W Polsce wciąż mało znana i doceniana, a przecież codzienne spożycie łyżki żurawiny poprawia naszą kondycję ogólnoustrojową i gwarantuje dobre samopoczucie. Od niedawna przekonali się do niej również mistrzowie kuchni, serwując ją zarówno do mięs, ryb, warzyw, sosów, serów, zup, deserów i przepysznych wypieków, nawet do masła musztardowo-żurawinowego.
Kiedyś była nazywana „cytryną dla ubogich”, a dziś owoce żurawiny uznawane są za najzdrowsze na świecie. Na równi z czosnkiem, oregano, kwiatami bzu białego czy pędami sosny zaliczane są do grupy niezastąpionych naturalnych antybiotyków. To tak zwany lek przyszłości, bogaty w witaminy: B1, B2, B6, C, E, karoten, błonnik, sód, potas, fosfor, wapń, magnez, jod, molibden i żelazo oraz flawonoidy, które pełnią funkcję przeciwutleniaczy. Kwas benzoesowy sprawia, że żurawina jest owocem długo zachowującym świeżość, kwas cytrynowy i jabłkowy nadaje jej kwaśny i cierpki smak.
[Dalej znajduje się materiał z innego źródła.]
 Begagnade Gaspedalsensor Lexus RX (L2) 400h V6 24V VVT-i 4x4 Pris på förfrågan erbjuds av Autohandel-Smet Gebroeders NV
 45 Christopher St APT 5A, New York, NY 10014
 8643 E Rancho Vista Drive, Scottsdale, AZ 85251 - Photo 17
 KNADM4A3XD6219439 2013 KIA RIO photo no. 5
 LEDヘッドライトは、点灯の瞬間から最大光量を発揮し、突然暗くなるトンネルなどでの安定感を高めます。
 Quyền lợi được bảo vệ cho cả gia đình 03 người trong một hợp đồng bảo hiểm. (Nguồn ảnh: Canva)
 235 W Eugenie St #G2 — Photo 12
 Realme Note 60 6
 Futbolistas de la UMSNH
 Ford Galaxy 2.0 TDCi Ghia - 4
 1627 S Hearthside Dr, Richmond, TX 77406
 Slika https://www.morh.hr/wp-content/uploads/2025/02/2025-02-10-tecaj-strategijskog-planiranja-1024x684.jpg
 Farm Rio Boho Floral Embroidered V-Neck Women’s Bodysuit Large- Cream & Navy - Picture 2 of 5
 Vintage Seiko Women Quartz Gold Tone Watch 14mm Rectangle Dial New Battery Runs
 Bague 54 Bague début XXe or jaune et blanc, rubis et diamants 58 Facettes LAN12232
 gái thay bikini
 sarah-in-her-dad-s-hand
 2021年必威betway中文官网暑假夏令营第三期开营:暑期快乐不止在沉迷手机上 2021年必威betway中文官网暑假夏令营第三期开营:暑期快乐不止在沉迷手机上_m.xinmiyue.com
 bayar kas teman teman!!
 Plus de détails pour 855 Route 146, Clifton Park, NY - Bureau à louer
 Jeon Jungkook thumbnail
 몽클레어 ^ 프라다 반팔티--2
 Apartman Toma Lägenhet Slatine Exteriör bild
Szklanka soczystych owoców żurawiny dostarcza 3,2 g błonnika, 30 mg witaminy C, witaminę B1 i B2, garbnik oraz taniny. Naukowcy potwierdzają, że żurawina należy do czołówki roślin o właściwościach prozdrowotnych, ma działanie antybakteryjne, zmniejsza ryzyko miażdżycy i chorób układu krążenia – dzięki bioflawonoidom, które zapobiegają powstawaniu zakrzepów i rozszerzają naczynia krwionośne. Ma również pozytywny wpływ na poziom dobrego cholesterolu, co wpływa na obniżenie ryzyka zawałów serca. Przeciwutleniacze chronią też organizm przed uszkodzeniami wywołanymi działaniem wolnych rodników, zapobiegają niektórym nowotworom, na przykład okrężnicy, odbytnicy, pęcherza moczowego i płuc.
O żurawinie powinny pamiętać również osoby odchudzające się, gdyż posiada ona doskonałe właściwości odtruwające, pomaga usunąć toksyny i reguluje przemianę materii i przyspiesza funkcje metaboliczne organizmu. Poza tym hamuje proces starzenia się mózgu, zapobiega obumieraniu szarych komórek, wspomaga pamięć i koncentrację, może zmniejszać ryzyko choroby Alzheimera i Parkinsona.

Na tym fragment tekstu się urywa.